Excerpted data START

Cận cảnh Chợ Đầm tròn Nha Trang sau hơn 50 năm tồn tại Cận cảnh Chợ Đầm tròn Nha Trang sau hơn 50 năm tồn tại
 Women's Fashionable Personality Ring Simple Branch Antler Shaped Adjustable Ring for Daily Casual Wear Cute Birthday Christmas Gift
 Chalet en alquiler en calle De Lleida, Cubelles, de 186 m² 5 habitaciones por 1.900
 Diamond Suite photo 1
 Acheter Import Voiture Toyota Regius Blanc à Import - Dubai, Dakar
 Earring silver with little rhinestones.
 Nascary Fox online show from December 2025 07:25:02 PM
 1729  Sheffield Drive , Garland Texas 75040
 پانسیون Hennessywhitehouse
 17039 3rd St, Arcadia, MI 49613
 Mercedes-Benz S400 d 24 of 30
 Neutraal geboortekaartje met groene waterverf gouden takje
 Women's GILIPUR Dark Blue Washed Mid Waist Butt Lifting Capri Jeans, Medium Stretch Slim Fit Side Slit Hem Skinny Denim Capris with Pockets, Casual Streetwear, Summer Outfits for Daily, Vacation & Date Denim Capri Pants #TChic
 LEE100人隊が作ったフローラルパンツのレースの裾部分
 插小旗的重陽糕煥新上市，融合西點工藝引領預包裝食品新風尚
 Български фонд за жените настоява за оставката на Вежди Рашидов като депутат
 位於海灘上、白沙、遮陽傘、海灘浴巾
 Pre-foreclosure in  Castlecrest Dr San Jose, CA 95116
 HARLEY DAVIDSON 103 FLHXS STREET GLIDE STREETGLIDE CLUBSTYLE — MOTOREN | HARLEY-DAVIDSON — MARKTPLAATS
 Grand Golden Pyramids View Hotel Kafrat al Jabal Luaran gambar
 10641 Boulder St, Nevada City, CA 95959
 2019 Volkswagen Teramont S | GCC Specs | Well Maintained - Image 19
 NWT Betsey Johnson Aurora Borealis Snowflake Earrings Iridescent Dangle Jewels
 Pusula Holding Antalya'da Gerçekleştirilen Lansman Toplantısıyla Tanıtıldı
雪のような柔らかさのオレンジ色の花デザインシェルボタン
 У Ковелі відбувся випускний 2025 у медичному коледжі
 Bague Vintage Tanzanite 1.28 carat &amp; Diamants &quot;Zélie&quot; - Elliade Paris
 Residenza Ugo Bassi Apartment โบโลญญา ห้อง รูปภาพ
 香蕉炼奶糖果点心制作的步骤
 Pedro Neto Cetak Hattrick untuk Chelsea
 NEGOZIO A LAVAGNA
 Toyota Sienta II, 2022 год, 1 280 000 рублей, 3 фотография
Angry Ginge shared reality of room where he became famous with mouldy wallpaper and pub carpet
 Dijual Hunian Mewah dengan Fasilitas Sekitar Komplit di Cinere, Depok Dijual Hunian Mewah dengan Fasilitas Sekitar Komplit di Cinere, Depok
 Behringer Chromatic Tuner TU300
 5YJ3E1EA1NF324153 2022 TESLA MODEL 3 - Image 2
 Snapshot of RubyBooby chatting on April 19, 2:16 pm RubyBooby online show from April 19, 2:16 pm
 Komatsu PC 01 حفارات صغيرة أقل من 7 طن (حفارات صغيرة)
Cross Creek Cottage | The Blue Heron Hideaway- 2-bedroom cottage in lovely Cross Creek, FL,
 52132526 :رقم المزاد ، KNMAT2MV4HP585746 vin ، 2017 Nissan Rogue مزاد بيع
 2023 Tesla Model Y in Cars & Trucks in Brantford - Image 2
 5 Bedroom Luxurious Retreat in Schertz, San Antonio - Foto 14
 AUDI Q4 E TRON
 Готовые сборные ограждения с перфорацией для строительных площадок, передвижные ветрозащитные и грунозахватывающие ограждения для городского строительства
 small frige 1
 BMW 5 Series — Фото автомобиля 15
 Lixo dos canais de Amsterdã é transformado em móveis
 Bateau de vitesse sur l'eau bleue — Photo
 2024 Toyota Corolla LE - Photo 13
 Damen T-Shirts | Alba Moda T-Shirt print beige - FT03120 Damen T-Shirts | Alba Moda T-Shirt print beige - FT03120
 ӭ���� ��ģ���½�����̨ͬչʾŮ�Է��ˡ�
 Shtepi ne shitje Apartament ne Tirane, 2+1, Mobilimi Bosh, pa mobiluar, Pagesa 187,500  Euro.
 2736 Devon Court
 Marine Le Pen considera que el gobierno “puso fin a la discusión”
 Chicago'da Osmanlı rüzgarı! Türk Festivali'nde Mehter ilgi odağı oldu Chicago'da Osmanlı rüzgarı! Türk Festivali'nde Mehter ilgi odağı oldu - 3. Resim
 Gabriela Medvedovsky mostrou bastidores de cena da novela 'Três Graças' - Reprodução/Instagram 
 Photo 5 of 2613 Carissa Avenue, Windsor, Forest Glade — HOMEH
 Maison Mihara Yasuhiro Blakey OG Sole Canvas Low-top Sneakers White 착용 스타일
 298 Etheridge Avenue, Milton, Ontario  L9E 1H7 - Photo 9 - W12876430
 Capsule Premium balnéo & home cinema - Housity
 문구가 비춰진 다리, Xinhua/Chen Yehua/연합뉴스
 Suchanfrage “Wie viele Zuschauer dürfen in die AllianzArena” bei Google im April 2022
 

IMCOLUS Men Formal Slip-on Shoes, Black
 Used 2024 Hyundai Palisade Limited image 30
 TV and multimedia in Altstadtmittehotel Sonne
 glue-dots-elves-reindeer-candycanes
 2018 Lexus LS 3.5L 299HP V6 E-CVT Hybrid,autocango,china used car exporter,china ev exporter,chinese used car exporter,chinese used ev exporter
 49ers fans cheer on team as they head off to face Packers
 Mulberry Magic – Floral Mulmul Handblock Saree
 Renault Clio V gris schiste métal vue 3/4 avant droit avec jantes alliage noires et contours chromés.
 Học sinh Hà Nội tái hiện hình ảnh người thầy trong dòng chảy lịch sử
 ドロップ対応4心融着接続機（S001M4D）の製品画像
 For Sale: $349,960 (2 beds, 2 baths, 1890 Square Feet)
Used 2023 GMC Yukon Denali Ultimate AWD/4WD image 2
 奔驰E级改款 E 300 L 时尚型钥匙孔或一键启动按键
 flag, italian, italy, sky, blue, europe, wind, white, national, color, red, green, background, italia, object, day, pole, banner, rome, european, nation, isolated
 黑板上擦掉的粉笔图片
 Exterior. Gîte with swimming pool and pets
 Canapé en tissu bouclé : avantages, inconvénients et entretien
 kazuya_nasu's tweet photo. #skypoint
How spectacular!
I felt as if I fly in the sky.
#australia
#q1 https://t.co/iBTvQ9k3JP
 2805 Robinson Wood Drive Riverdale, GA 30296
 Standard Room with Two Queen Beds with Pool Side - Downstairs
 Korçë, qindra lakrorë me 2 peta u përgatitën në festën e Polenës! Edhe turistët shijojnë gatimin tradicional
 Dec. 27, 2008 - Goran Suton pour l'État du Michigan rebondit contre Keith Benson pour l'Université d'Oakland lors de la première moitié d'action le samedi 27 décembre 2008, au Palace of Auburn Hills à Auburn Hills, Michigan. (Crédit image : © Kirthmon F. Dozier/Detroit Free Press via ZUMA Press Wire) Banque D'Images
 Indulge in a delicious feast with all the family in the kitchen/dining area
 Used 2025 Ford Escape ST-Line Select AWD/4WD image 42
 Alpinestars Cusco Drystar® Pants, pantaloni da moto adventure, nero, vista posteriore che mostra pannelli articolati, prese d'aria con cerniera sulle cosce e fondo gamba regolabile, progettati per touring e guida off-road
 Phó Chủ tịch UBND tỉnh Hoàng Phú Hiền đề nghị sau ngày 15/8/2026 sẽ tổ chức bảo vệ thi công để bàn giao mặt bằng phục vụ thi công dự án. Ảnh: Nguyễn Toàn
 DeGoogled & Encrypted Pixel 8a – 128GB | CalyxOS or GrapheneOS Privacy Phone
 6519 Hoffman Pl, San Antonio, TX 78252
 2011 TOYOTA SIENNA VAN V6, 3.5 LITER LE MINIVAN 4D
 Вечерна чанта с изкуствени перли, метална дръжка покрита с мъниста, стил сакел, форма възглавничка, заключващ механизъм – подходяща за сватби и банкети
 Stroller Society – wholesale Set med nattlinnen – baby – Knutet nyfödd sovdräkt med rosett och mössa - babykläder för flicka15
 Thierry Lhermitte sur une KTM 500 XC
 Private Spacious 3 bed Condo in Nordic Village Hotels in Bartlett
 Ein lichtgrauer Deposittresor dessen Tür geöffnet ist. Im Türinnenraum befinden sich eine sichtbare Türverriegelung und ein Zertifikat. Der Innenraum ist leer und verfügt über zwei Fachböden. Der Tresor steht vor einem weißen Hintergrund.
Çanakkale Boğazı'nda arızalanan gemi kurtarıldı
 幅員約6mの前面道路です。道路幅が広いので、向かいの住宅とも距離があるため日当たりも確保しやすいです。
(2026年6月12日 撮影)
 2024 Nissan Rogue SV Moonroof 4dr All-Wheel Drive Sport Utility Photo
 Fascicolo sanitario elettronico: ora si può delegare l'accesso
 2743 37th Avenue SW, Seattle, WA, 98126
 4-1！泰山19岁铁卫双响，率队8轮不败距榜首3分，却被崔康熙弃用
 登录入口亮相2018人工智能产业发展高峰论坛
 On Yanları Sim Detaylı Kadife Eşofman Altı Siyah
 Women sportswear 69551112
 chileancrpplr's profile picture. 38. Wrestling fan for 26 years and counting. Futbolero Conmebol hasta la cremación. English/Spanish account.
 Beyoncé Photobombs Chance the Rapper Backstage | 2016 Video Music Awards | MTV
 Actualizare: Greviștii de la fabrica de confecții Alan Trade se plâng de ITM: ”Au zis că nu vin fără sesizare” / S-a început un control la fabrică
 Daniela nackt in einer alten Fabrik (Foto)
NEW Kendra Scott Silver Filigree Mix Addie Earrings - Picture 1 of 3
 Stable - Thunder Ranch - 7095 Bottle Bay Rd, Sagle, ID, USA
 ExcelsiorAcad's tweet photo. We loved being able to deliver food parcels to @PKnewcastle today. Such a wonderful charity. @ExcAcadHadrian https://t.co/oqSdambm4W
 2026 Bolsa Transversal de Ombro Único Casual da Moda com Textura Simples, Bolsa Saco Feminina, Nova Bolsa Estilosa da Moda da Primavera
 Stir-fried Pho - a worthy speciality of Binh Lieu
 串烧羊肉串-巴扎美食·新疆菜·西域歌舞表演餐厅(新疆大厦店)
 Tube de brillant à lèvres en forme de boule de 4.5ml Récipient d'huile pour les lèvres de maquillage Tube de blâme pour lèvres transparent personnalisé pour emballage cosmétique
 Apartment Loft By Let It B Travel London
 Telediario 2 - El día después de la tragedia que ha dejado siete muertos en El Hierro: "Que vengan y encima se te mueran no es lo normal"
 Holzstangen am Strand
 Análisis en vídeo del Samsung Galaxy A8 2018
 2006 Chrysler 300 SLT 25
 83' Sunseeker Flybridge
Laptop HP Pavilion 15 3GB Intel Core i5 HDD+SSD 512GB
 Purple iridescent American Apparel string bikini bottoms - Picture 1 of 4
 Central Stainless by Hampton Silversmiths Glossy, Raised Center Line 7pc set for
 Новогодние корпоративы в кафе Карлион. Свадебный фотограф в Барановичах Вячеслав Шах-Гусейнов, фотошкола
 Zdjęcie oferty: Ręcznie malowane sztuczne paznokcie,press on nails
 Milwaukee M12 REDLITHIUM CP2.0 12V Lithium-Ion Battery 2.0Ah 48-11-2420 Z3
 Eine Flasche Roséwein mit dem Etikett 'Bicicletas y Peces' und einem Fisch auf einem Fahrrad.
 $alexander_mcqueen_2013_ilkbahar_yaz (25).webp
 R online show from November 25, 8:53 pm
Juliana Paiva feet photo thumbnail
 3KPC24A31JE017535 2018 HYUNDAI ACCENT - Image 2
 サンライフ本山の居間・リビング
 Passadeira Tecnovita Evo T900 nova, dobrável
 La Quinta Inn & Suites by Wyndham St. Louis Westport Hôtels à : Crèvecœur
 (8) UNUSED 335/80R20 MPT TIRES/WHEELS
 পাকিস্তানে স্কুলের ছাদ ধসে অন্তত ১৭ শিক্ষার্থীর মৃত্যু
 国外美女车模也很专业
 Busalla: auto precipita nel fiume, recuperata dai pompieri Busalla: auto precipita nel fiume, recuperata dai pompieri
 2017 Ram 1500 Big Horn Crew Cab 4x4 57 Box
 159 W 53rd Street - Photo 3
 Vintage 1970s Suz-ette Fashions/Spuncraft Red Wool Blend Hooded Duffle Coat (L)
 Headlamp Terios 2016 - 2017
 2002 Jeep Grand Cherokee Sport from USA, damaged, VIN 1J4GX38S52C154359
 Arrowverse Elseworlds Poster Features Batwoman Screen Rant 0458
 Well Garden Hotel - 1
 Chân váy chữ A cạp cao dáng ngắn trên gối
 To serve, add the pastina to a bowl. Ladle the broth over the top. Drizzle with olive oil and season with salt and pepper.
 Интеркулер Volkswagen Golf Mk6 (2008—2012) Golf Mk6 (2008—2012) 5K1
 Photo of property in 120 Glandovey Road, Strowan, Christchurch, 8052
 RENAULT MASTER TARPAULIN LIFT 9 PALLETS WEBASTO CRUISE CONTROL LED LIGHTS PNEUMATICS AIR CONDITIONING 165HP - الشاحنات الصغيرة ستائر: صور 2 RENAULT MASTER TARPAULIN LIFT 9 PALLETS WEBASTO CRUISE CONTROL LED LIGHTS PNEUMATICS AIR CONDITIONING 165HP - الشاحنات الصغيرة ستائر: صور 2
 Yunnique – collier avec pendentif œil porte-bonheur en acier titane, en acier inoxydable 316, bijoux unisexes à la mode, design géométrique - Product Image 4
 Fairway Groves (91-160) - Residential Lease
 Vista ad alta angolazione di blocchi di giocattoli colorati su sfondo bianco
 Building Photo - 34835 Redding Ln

Excerpted data END

Exercise brief:
Check every line of the data, and copy the ones that contain "from".

Answer box:
 Nascary Fox online show from December 2025 07:25:02 PM
 Snapshot of RubyBooby chatting on April 19, 2:16 pm RubyBooby online show from April 19, 2:16 pm
 R online show from November 25, 8:53 pm
 2002 Jeep Grand Cherokee Sport from USA, damaged, VIN 1J4GX38S52C154359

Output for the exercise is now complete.